[tf.keras] tf.keras loading AlexNet pre-training model

Blog Park original link:[tf.keras] tf.keras loading AlexNet pre-training model – wuliytTaotao。

The pre-training models for tf.keras are placed in the 'tensorflow.python.keras.applications' directory. In the tensorflow 1.10 release, the pre-trained models are:

DenseNet121, DenseNet169, DenseNet201, InceptionResNetV2, InceptionV3, MobileNet, NASNetLarge, NASNetMobile, ResNet50, VGG16, VGG19, Xception.

Looking for a long time, I found that keras did not have pre-trained AlexNet. . .

So this article provides a way to import pre-training models from other frameworks (such as PyTorch). Let's take AlexNet as an example.
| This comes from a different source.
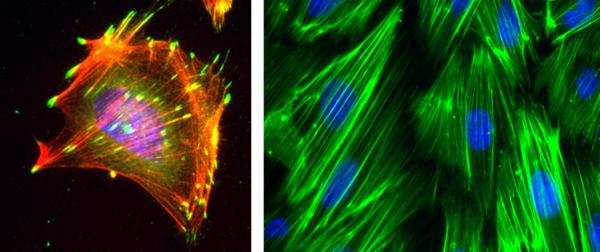 The image on the left shows a fibroblast cell stained for F-actin (red), zyxin (green) and DAPI (blue). Co-distribution of F-actin and zyxin is yellow. In the image on the right, fibroblasts were mechanically stimulated (uniaxial cyclic stretch) and stained for F-actin (green) and DNA (blue). The reinforced actin cytoskeleton aligns perpendicular to the horizontal stretch axis.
Export model parameters from PyTorch

First of all, understand that when the structure of the model is the same, we only need to import the parameters of the model to reproduce the model, so we have to export the pre-trained model parameters from PyTorch and load them with keras.
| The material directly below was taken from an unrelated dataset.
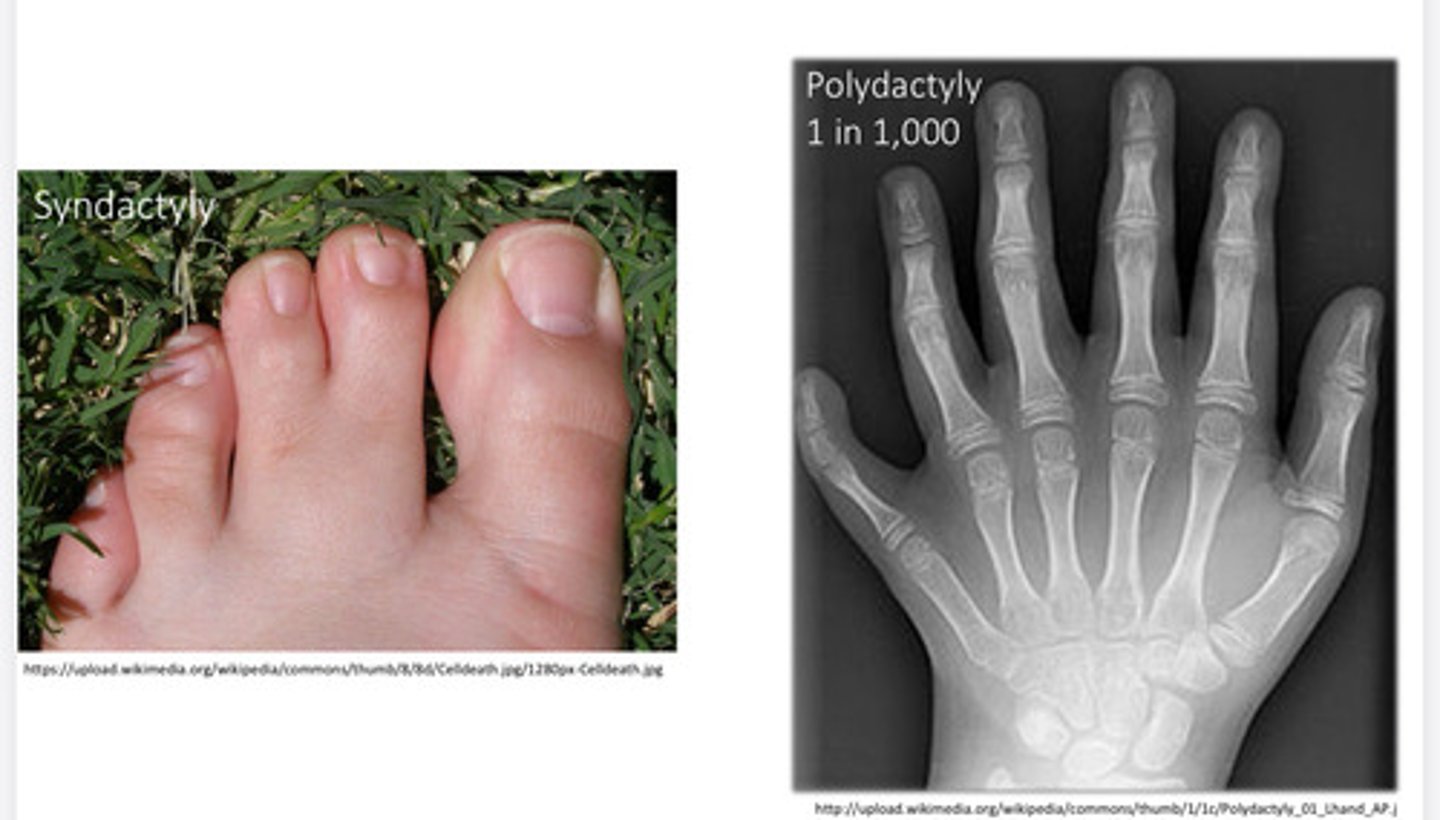 <p>Skeletal disorder that results from abnormal bone patterning, genetic or environmental. Extra digits or fusion of digits</p>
Here is a Microsoft project:MMdnn. MMdnn allows us to convert models between different depth learning frameworks. Here I also use MMdnn to convert AlexNet(PyTorch to Keras).

Step 0: Configure the environment

Must be configured consistently:
 - PyTorch: 0.4.0 (If there is a problem with other versions, please return to version 0.4.0)
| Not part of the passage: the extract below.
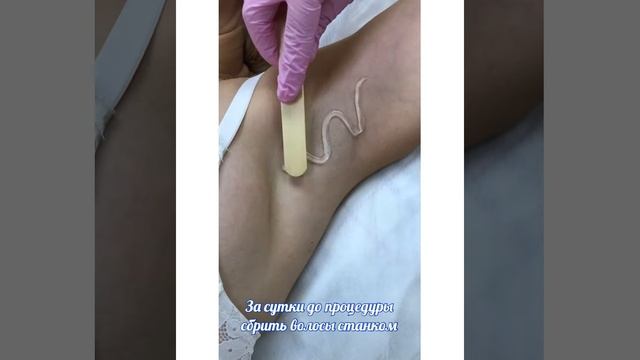 Лазерная эпиляция смотреть онлайн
 Not necessarily consistently configured:
- numpy: 1.14.5 
 - Keras: 2.1.3 (not keras in tensorflow)

Step 1: Install MMdnn

$ pip3 install mmdnn

The mmdnn version I installed is 0.2.5.

For other installation methods, please refer togithub

Step 2: Get a model (pth file) where PyTorch saves the complete structure and parameters

When PyTorch saves the model, you can save the entire model, or you can save only the parameters of the model, which are stored in the pth file.

The pth file of the mmdnn operation is required to contain the model structure.FAQ, while pre-training in PyTorch AlexNet only saved the parameters.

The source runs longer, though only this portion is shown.